S_theta, mu_theta = update_parameters(S_theta, mu_theta, 2., 2., seps)
display(S_theta, mu_theta)

key, subkey = random.split(key)
theta_sample = dists.MultivariateNormal(mu_theta, S_theta).rsample(key, sample_shape=(100,))
DeviceArray([[20.039701 , -9.920645 ],
             [-9.920645 ,  5.1587353]], dtype=float32)
DeviceArray([0.39682388, 0.7936516 ], dtype=float32)
distb = hv.Distribution(theta_sample[:, 0], 'b').opts(height=125)
distw = hv.Distribution(theta_sample[:, 1], 'w').opts(width=125)
hv.Bivariate(theta_sample, kdims=['b', 'w']).opts(cmap='Blues', line_width=0, filled=True, width=350) << distw << distb

with this the space of possible models is constrained, as shown by the samples of the posterior predictive distribution

predictive = []
for (b, w) in theta_sample:
    predictive.append(x_test*w + b)
plots = []
for line in predictive:
    plots.append(hv.Curve((x_test, line)))
data = hv.ErrorBars([(2,2,2*seps)])
hv.Overlay(plots).opts(hv.opts.Curve(color='#30a2da', width=500, alpha=0.1)) * data

Let’s assume that we observe a additional data point at \(x=-2\), \(y=-2\)

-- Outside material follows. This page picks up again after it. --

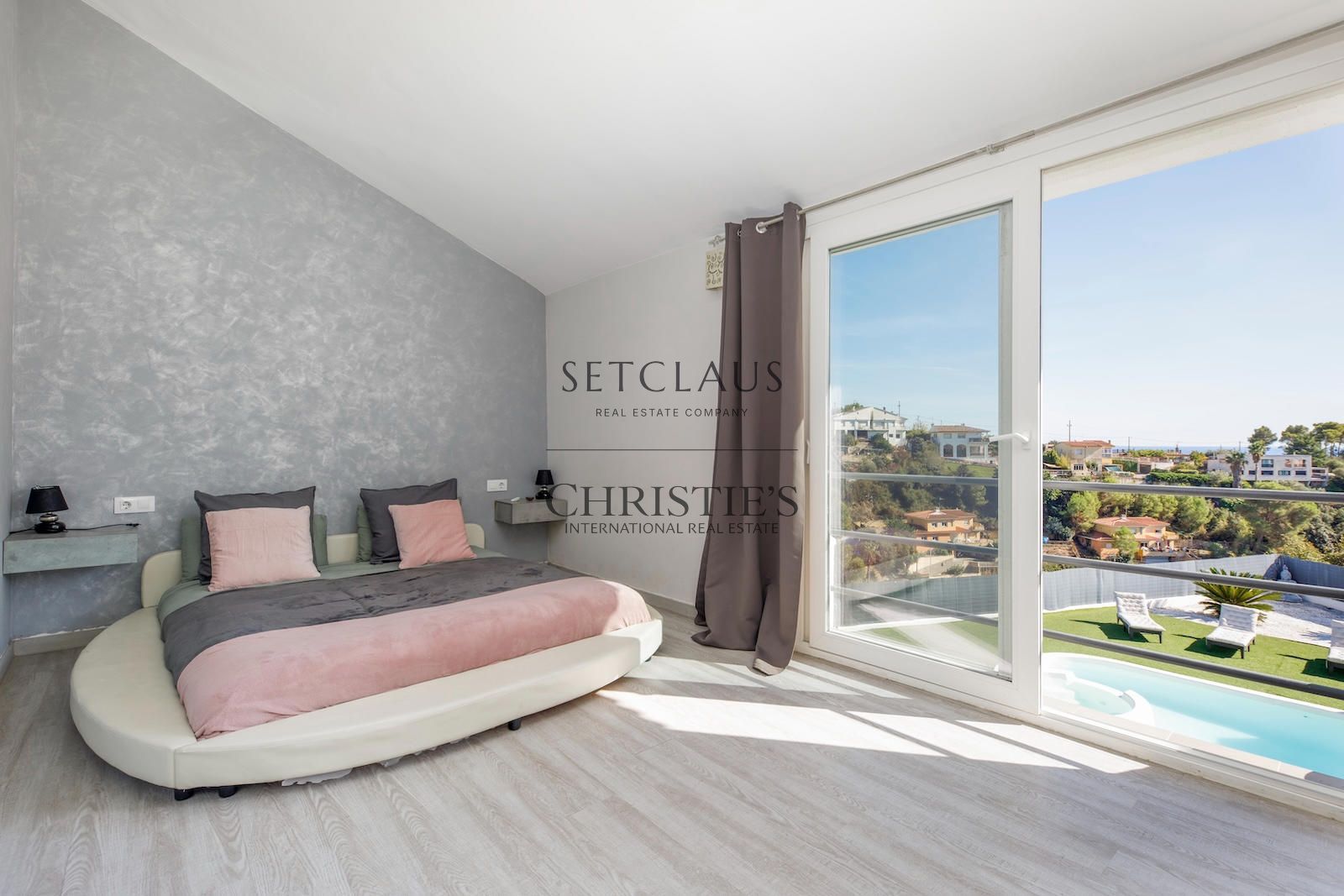 Comprar Propiedad con licencia turística, piscina climatizada y vistas al mar foto 34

We will use the previous posterior as prior and update the parameters again

S_theta, mu_theta = update_parameters(S_theta, mu_theta, -2., -2., seps)
display(S_theta, mu_theta)

key, subkey = random.split(key)
theta_sample = dists.MultivariateNormal(mu_theta, S_theta).rsample(key, sample_shape=(100,))
DeviceArray([[ 4.9019602e-01, -2.9072593e-08],
             [-2.9072593e-08,  1.2437809e-01]], dtype=float32)
DeviceArray([1.1920929e-07, 9.9502492e-01], dtype=float32)
distb = hv.Distribution(theta_sample[:, 0], 'b').opts(height=125)
distw = hv.Distribution(theta_sample[:, 1], 'w').opts(width=125)
hv.Bivariate(theta_sample, kdims=['b', 'w']).opts(cmap='Blues', line_width=0, filled=True, width=350) << distw << distb

The space of possible models is further reduced

predictive = []
for (b, w) in theta_sample:
    predictive.append(x_test*w + b)
plots = []
for line in predictive:
    plots.append(hv.Curve((x_test, line)))
data = hv.ErrorBars([(2,2,2*seps), (-2,-2, 2*seps)])
hv.Overlay(plots).opts(hv.opts.Curve(color='#30a2da', width=500, alpha=0.1)) * data

Bayesian solution for the predictions

Don’t forget our goal

We want a model to predict \(y\) for unseen examples \(x\) given our training set

We can write this in “bayesian” as \(p(y | x, \mathcal{D})\), the posterior predictive distribution

Previously we looked at samples from this distribution. We can obtain an expression for it by marginalizing \(\theta\) in

\[\begin{split} \begin{align} p(y | x, \mathcal{D}) &= \int p(y, \theta | x, \mathcal{D}) d\theta \nonumber \\ &= \int p(y| \theta, x, \mathcal{D}) p(\theta| \mathcal{D}, x) d\theta \nonumber \\ &= \int p(y| \theta, x) p(\theta| \mathcal{D}) d\theta, \nonumber \end{align} \end{split}\]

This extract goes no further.